Suppose I have multiple files in different sub-directories with names like 20060630 AD8,11 +1015.WAV
and 20050508_Natoa_Enc1_AD5AK_1.WAV
. Now I know that all these files will have a substring like AD
(in the first file) and AD
, AK
(in the second). There are total 16 of these classes (AD
, AK
, AN
etc) that I've made as empty folders in the top level directory.
I want to copy all these files according to the substrings matched into their respective directory. Now using gsutil
, the commands may come like:
gsutil cp gs://bucket/Field/2005/20060630 AD8,11 +1015.WAV gs://bucket/AD/20060630 AD8,11 +1015.WAV
How can this approach work for automating the task for thousands of files in the same bucket?

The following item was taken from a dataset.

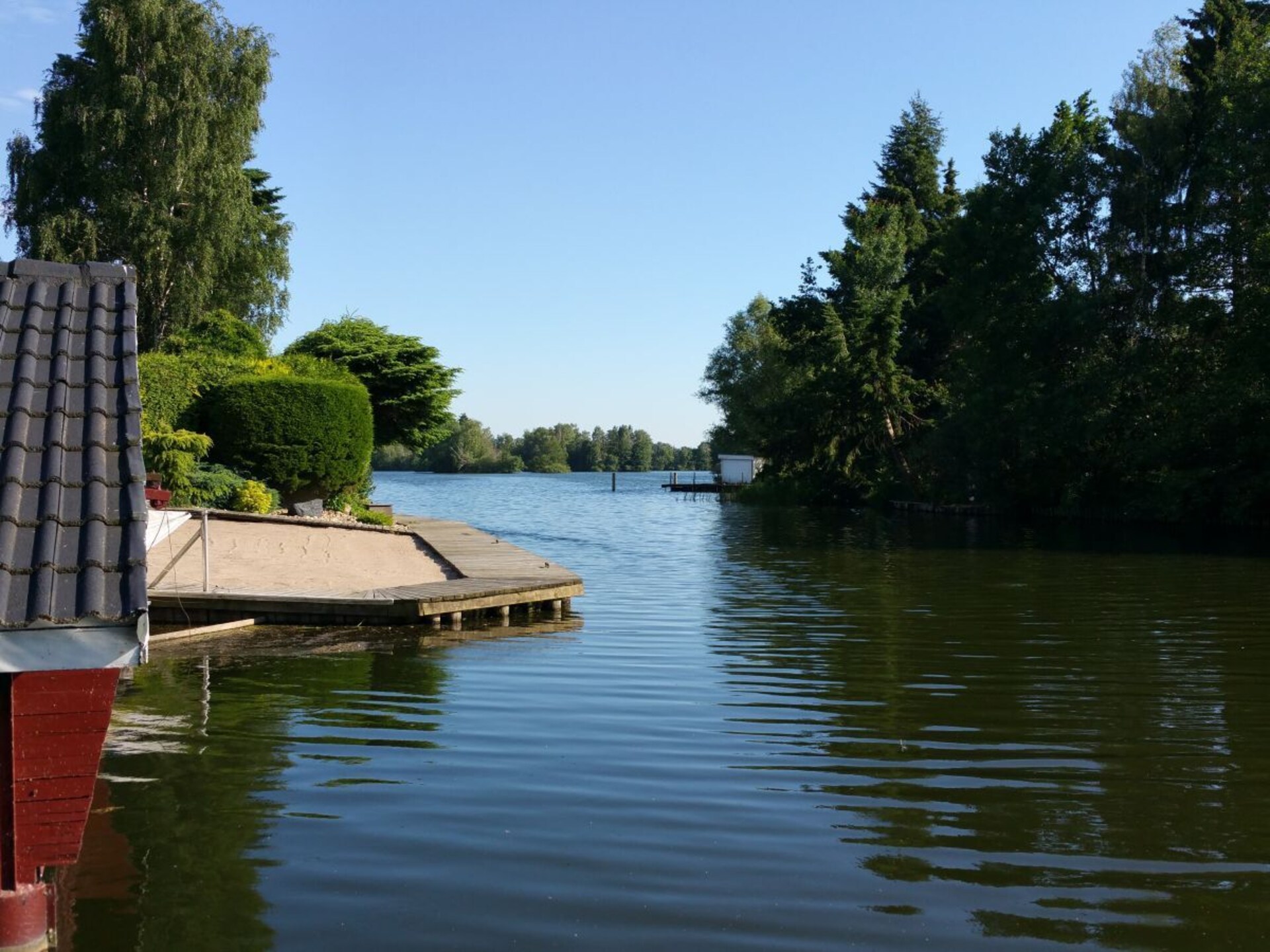 Zweeds vakantiehuis met privéstrand en sauna aan het meer in Güster - foto 35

Is it safe to assume an approach like:
if 'AD' in filename:
gsutil cp gs://bucket/<filename> gs://bucket/AD/<filename>
elif 'AK' in filename:
gsutil cp gs://bucket/<filename> gs://bucket/AK/<filename>
You can write an easy BASH script for this. The code would be pretty simple since gsutil supports wildcards and it can recursively dive into sub-directories to find your files.
#!/bin/bash
bucket_name=my-example-bucket
substring_list=(
AD
AK
AN
)
for substring in "${substring_list[@]}"; do
gsutil cp gs://$bucket_name/**/*$substring* gs://$bucket_name/$substring/
done
I also see that you have some Python experience, so you could alternatively leverage the Python Client for Google Cloud Storage along with a similar wildcard strategy.